### Task objective
Lines from the one with "New Gloria Garden Plaza Hotel 3/30" to the end of the material, both included: print them exactly and print nothing else. Omit the pictures.

### Exercise data
-- Opening Marker --

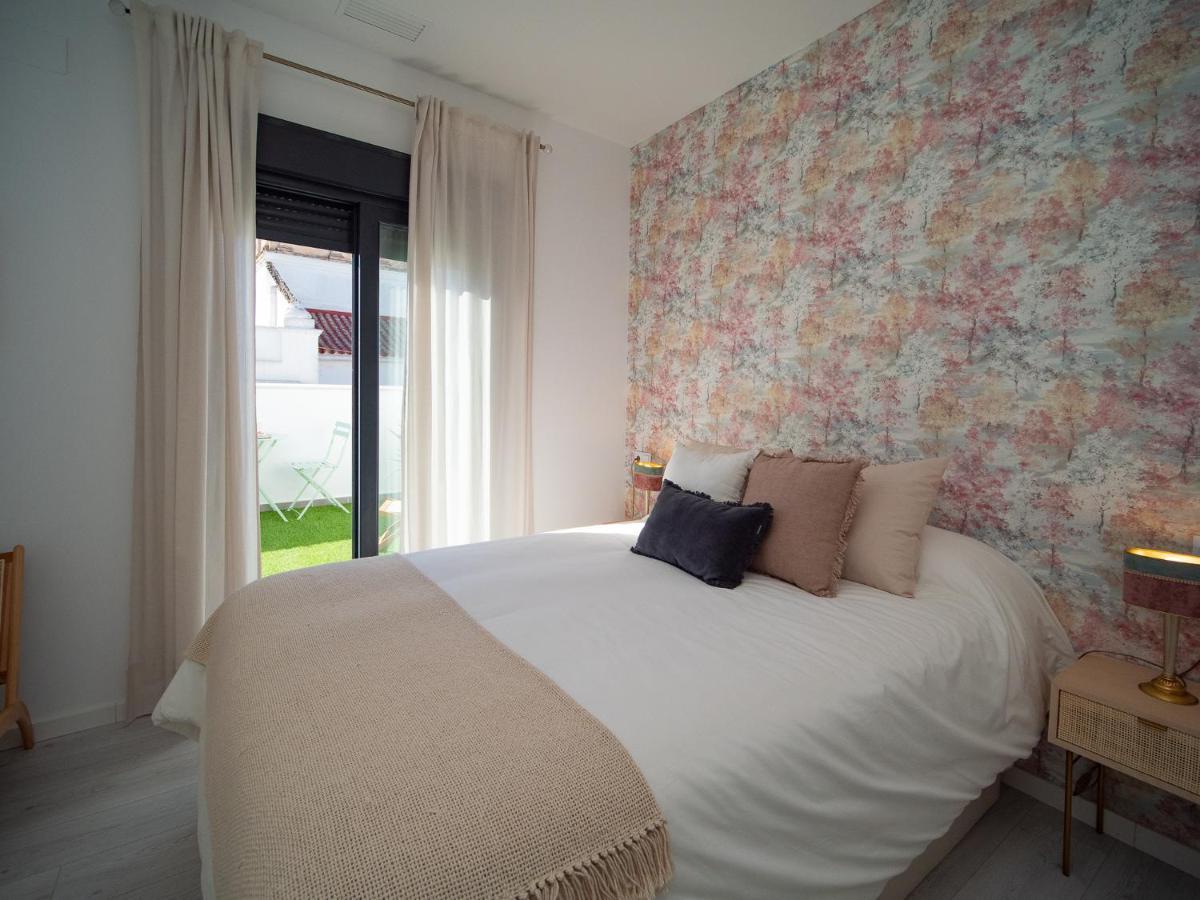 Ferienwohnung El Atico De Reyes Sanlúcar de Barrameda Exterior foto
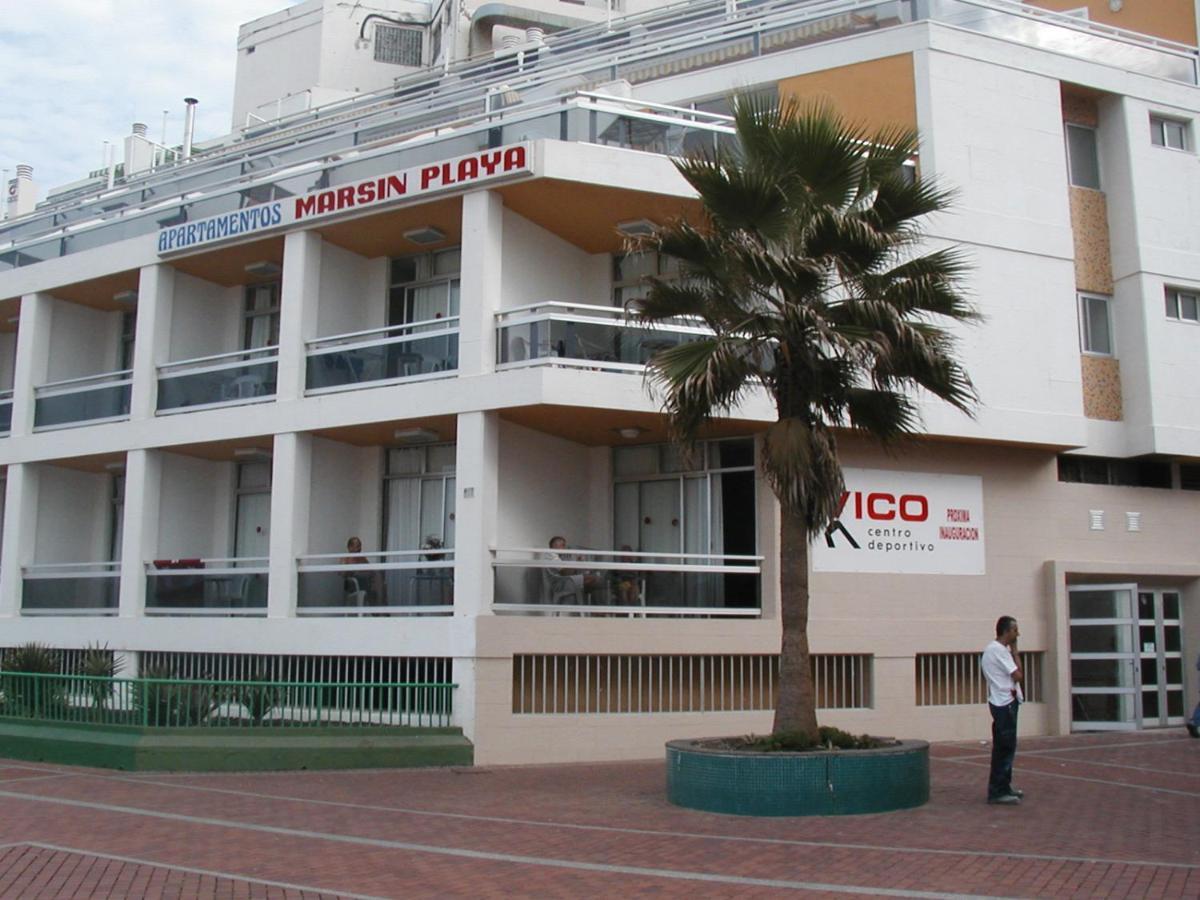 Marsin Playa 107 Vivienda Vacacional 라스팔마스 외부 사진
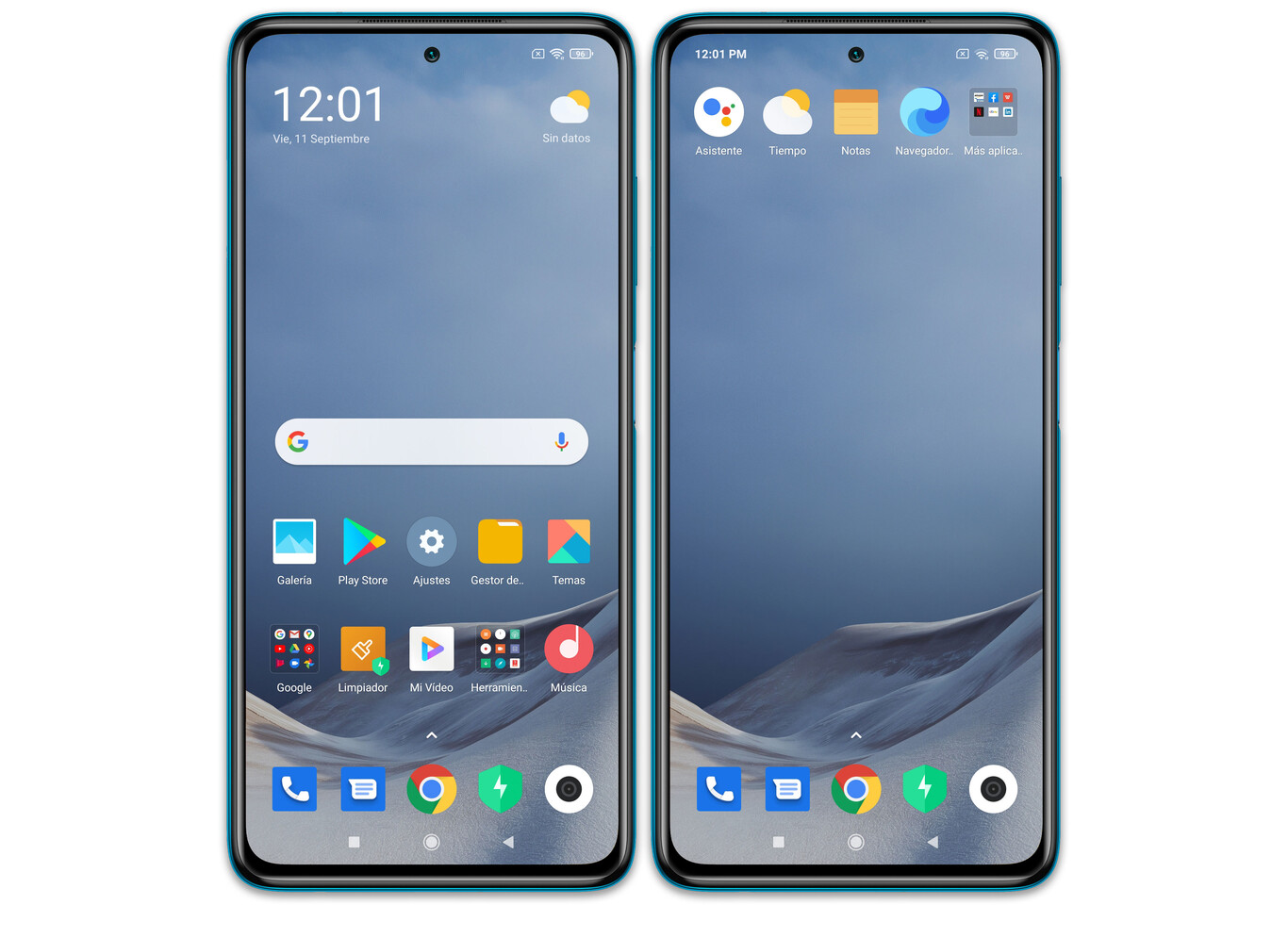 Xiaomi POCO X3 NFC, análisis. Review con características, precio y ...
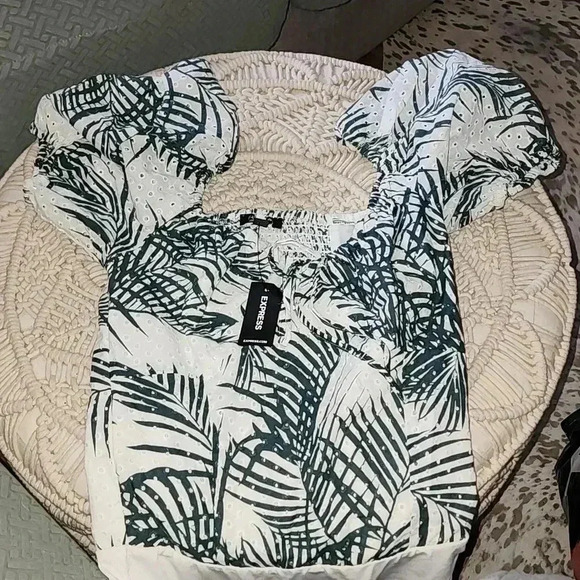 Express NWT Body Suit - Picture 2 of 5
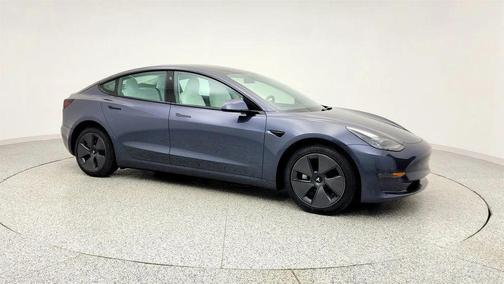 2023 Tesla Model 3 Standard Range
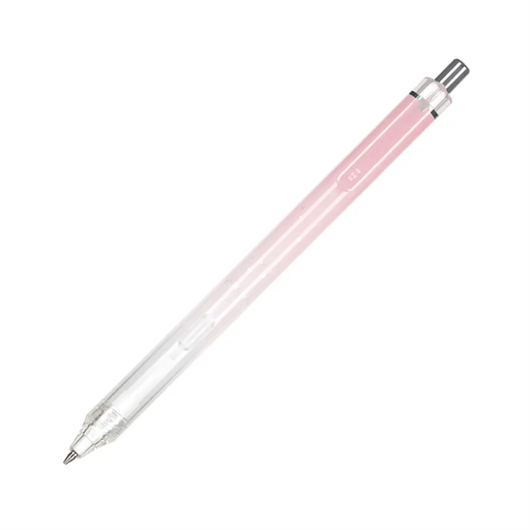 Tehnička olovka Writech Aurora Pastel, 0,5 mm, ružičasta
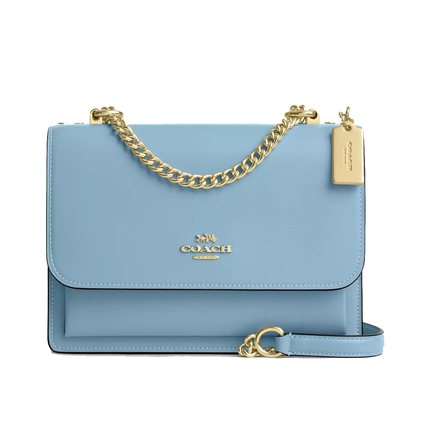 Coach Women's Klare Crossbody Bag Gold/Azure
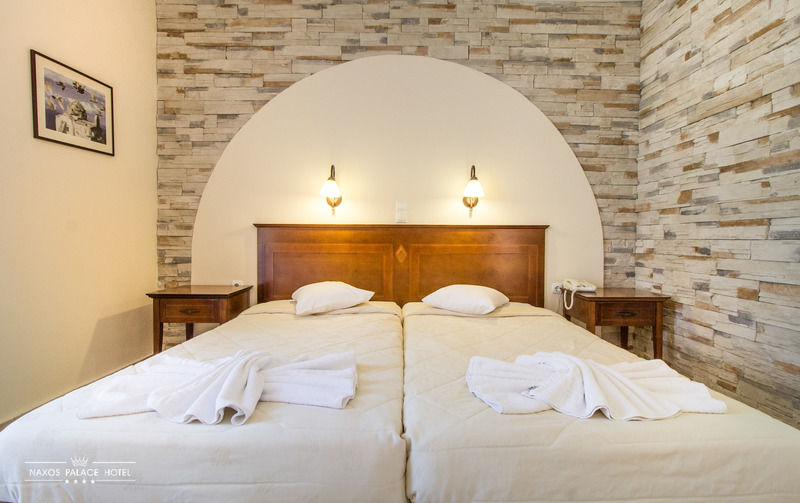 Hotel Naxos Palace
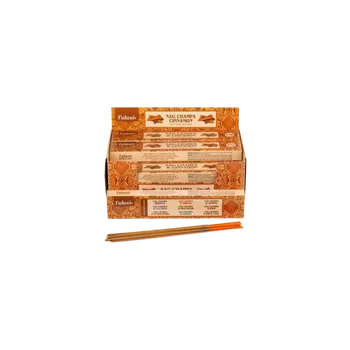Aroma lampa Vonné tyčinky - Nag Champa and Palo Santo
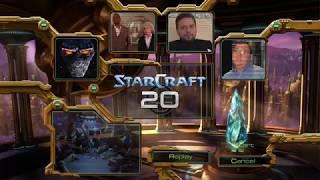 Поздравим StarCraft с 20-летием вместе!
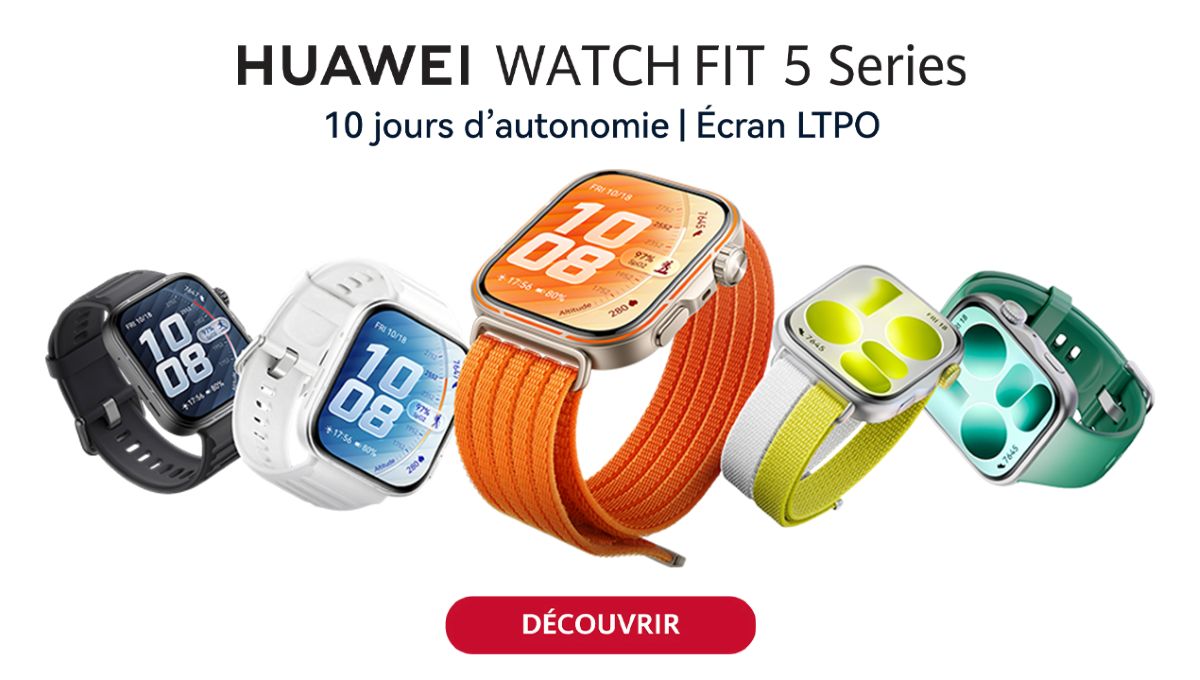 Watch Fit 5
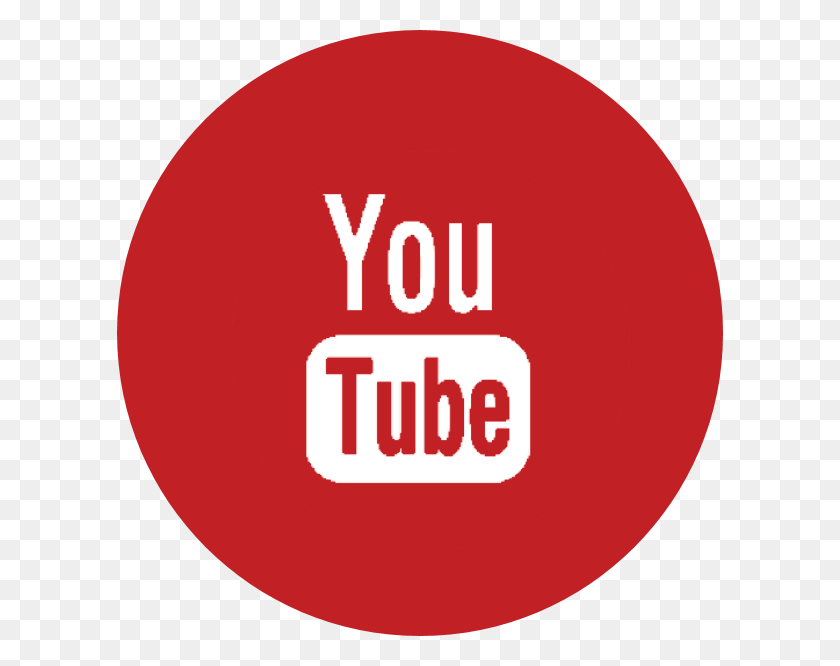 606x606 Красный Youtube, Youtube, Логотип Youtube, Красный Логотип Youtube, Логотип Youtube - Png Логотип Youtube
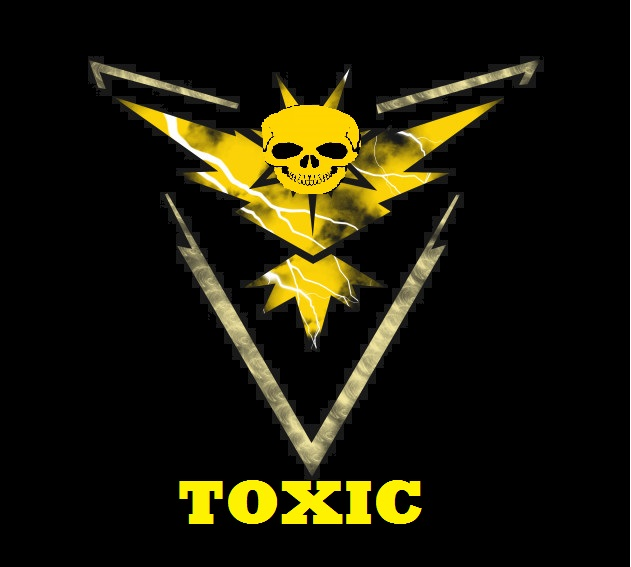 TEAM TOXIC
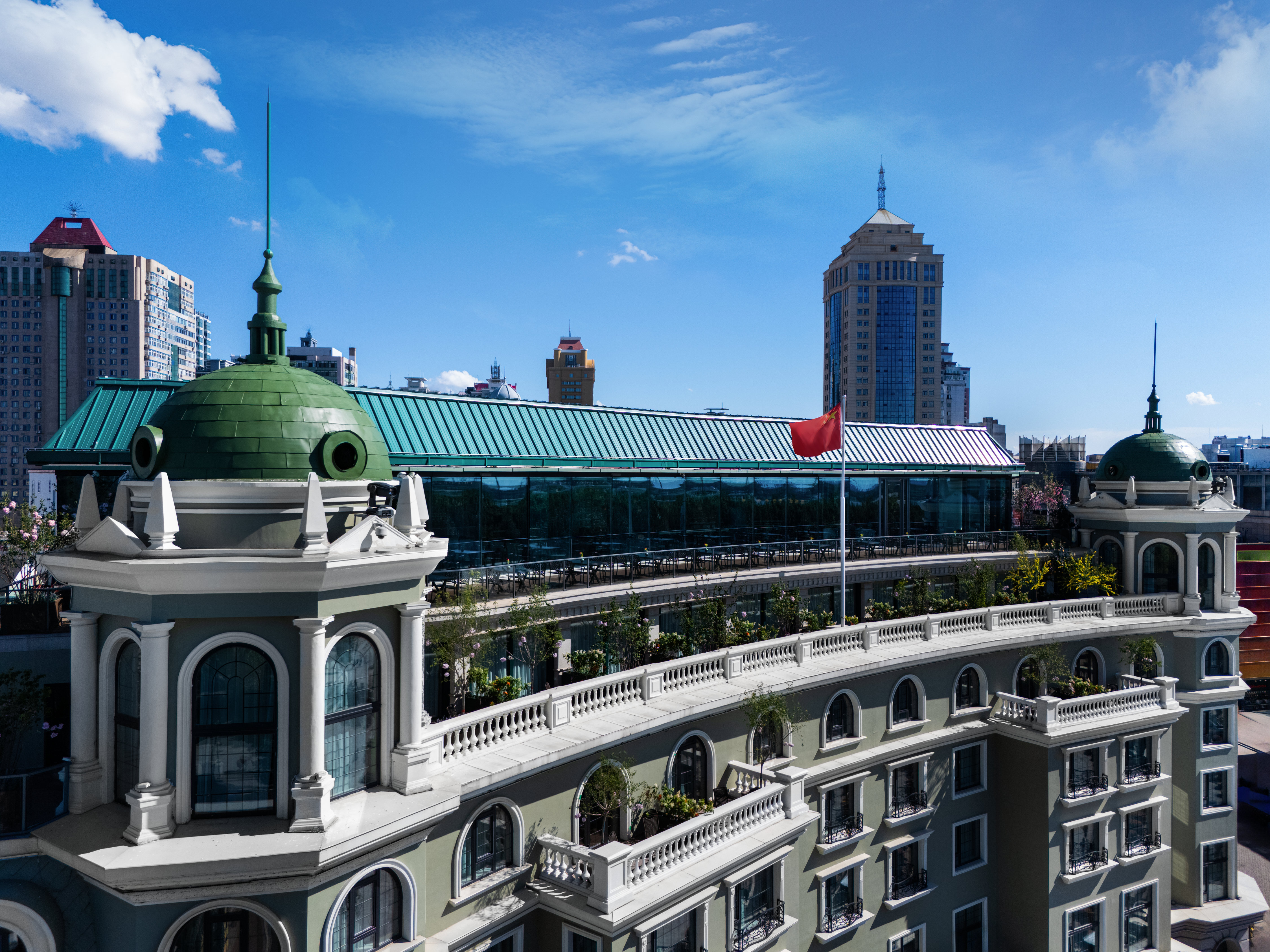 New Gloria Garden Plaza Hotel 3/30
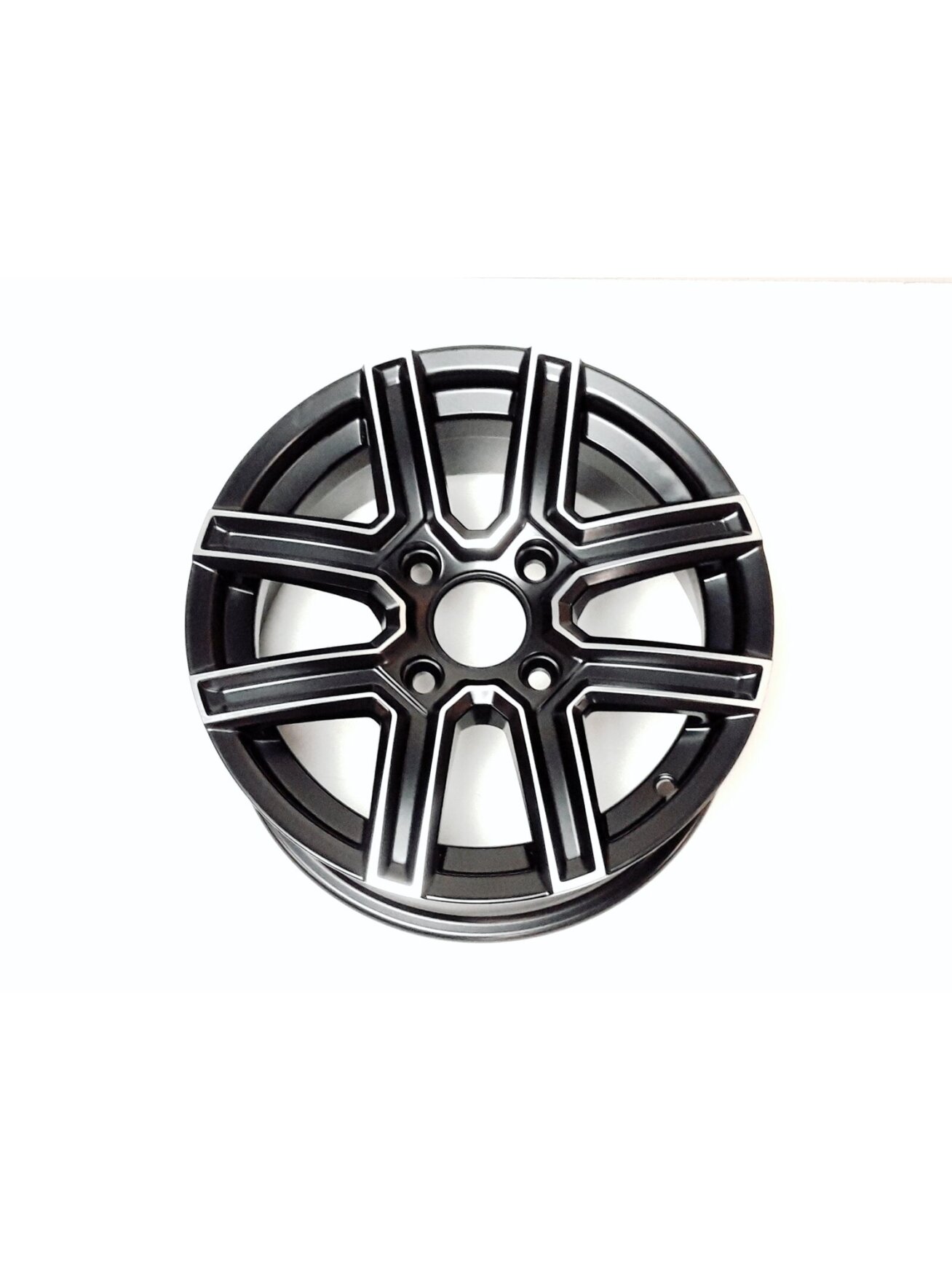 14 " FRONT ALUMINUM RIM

-- Closing Marker --

### Output of the exercise
 New Gloria Garden Plaza Hotel 3/30
 14 " FRONT ALUMINUM RIM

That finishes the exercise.